▶ _WORK ORDER_:
Copy out the data exactly as it appears, without a single image.

▶ _GIVEN INFORMATION_:
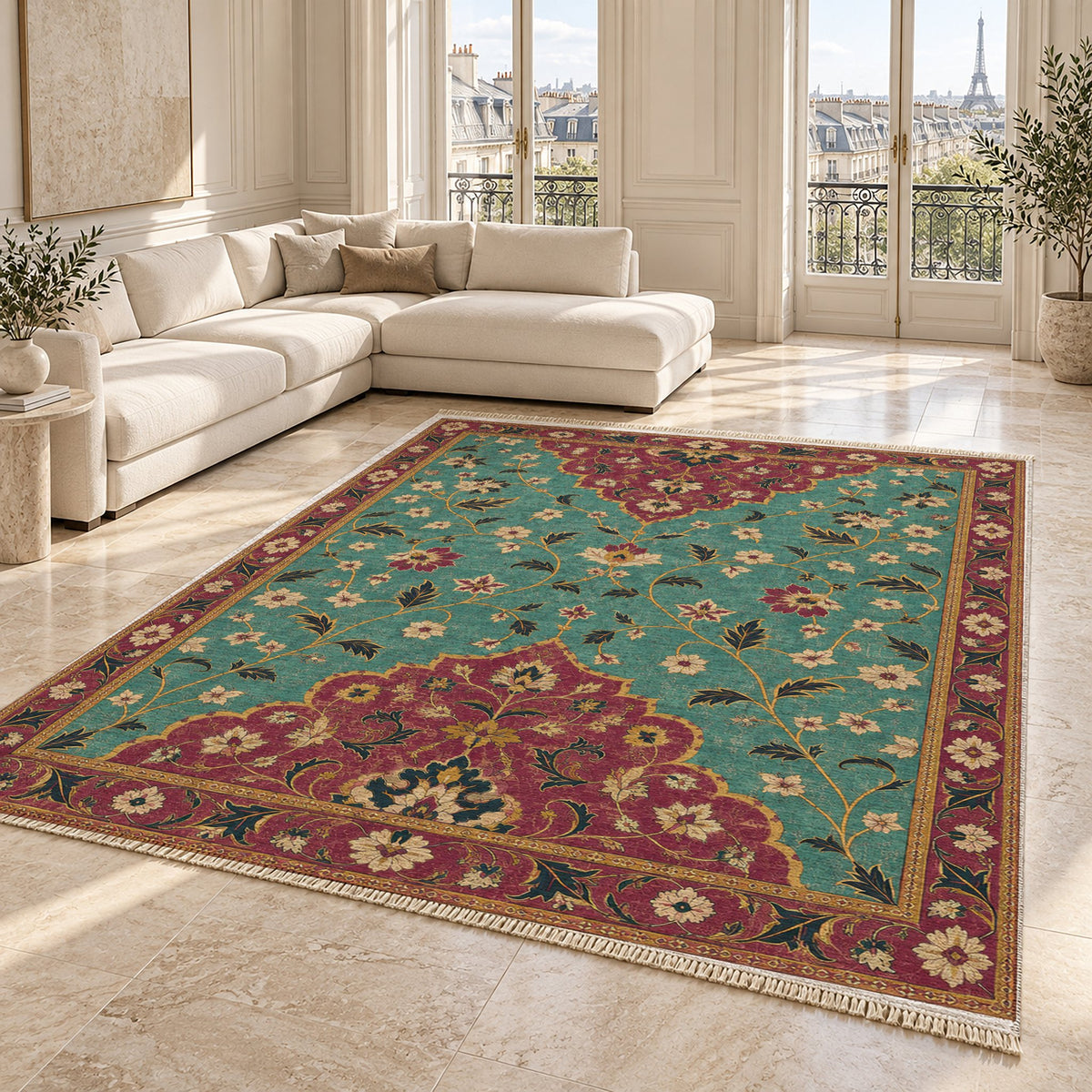 Half Medallion Horizon Lagoon & Berry washable rug angled room view on marble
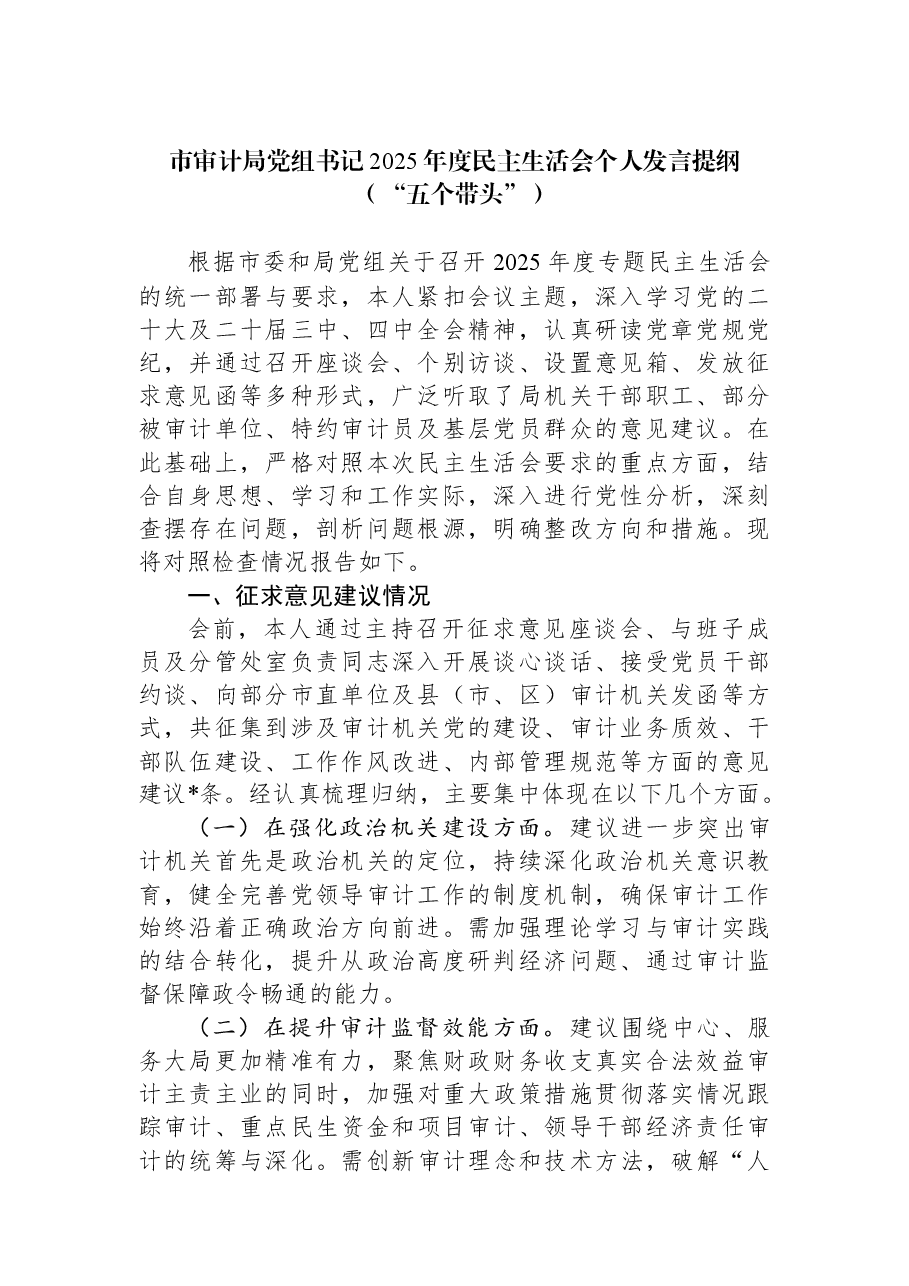 市审计局党组书记2025年度民主生活会个人发言提纲（“五个带头”）.docx，第1页预览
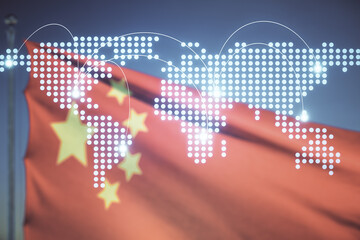 Double exposure of abstract digital world map hologram with connections on flag of China and sunset sky background, research and strategy concept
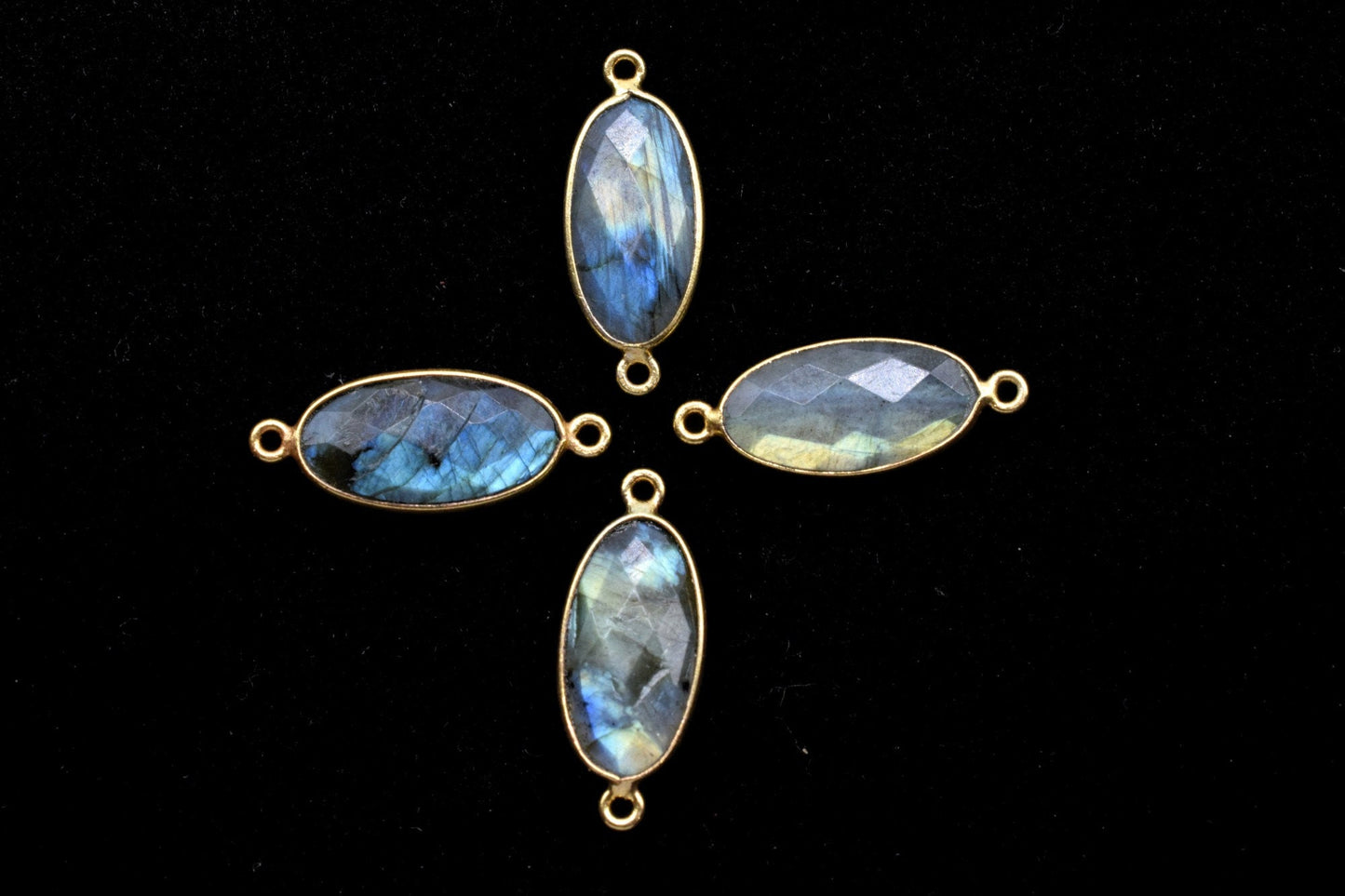Labradorite 10x20mm Oval shape double bail connectors,Labradorite Bezel link pendant,Labradorite Gold Plated bezel,jewelry making connectors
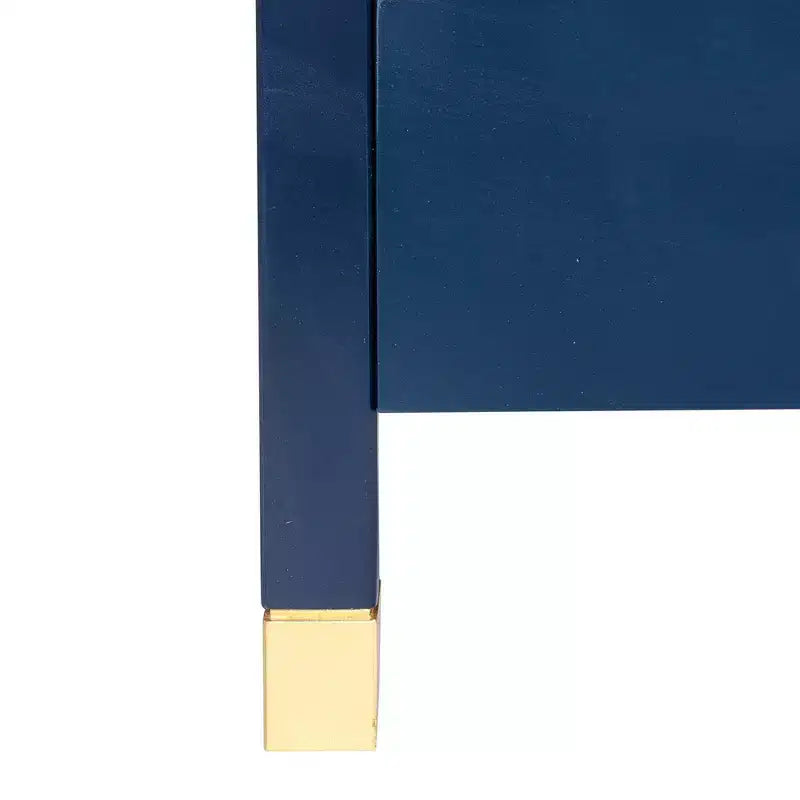 Tavolino d'appoggio Hooper Accent blu navy, struttura in legno, forma rettangolare, due cassetti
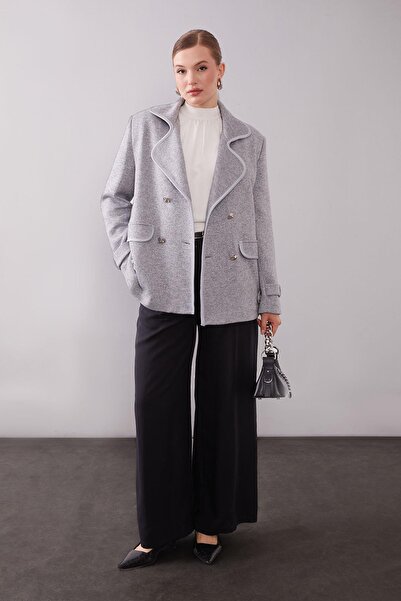 Levidor Gray Double-Breasted Cashmere Jacket with Side Stripes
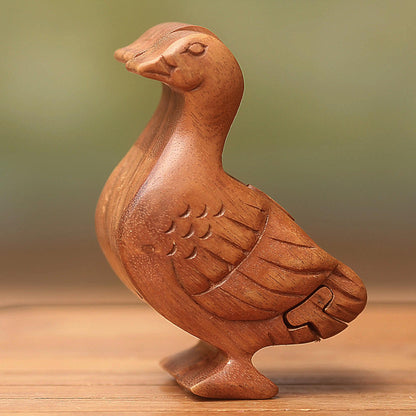 Javanese Duck Handmade Natural Wood Puzzle Box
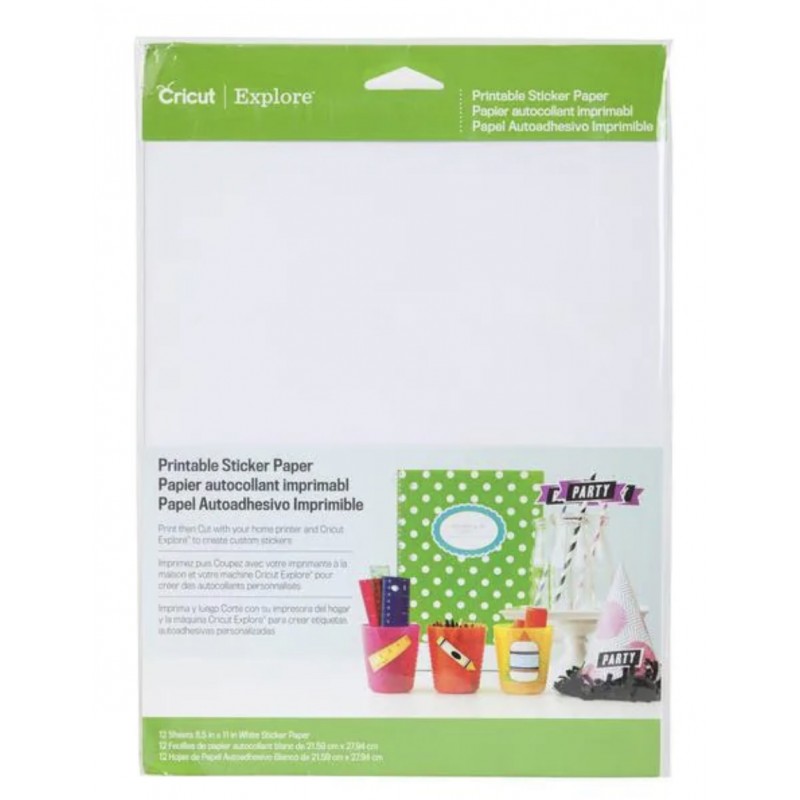 Cricut Papier autocollant imprimable 12 Pièce/s, Blanc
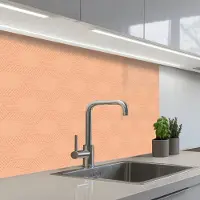 KitchenYeah Keuken achterwand 80x60 cm - Spatscherm zelfklevend Patroon - Oranje - Lijnen - Muurbeschermer - Spatwand fornuis
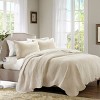GlasFlength Bedding Sets Elegant Timeless 3 Piece Reversible Scalloped Edge Quilt Set Cream King Cal King, Beige, 17.72"*15.35"*7.87" - 2 of 4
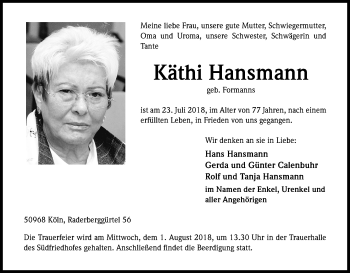 Anzeige von Käthi Hansmann von EXKB
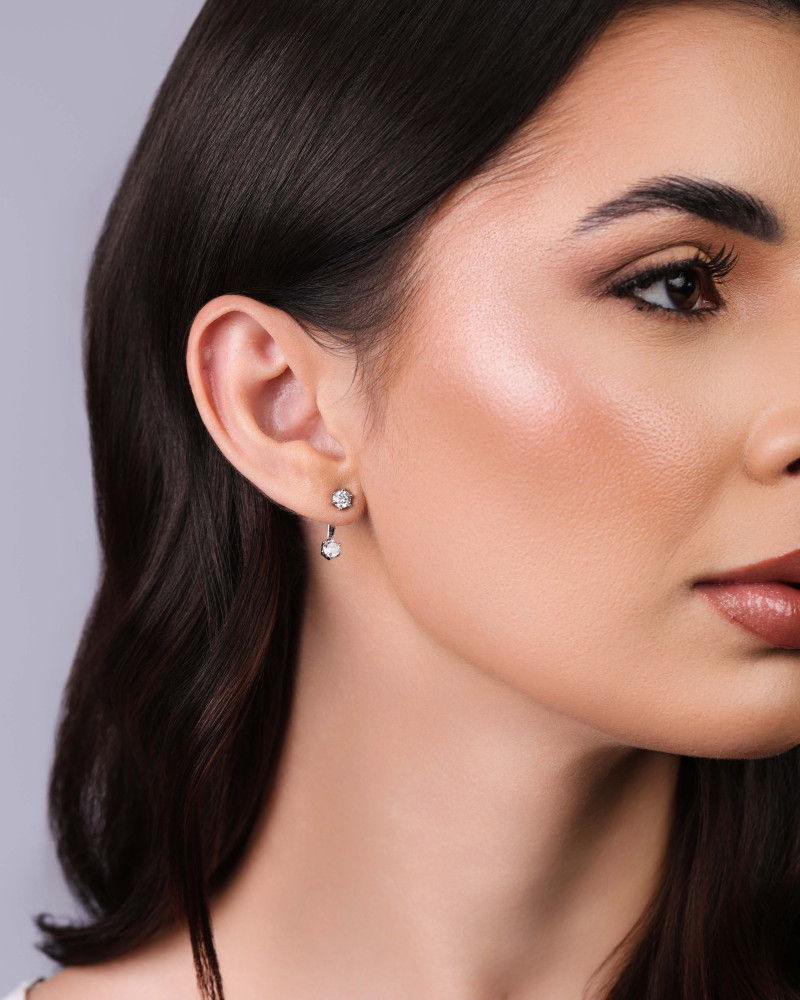 Ear Jacket Pontos de Luz Cristal Ródio Branco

▶ _WORKED SOLUTION_:
 Half Medallion Horizon Lagoon & Berry washable rug angled room view on marble
 市审计局党组书记2025年度民主生活会个人发言提纲（“五个带头”）.docx，第1页预览
 Double exposure of abstract digital world map hologram with connections on flag of China and sunset sky background, research and strategy concept
Labradorite 10x20mm Oval shape double bail connectors,Labradorite Bezel link pendant,Labradorite Gold Plated bezel,jewelry making connectors
 Tavolino d'appoggio Hooper Accent blu navy, struttura in legno, forma rettangolare, due cassetti
 Levidor Gray Double-Breasted Cashmere Jacket with Side Stripes
 Javanese Duck Handmade Natural Wood Puzzle Box
 Cricut Papier autocollant imprimable 12 Pièce/s, Blanc
 KitchenYeah Keuken achterwand 80x60 cm - Spatscherm zelfklevend Patroon - Oranje - Lijnen - Muurbeschermer - Spatwand fornuis
GlasFlength Bedding Sets Elegant Timeless 3 Piece Reversible Scalloped Edge Quilt Set Cream King Cal King, Beige, 17.72"*15.35"*7.87" - 2 of 4
 Anzeige von Käthi Hansmann von EXKB
 Ear Jacket Pontos de Luz Cristal Ródio Branco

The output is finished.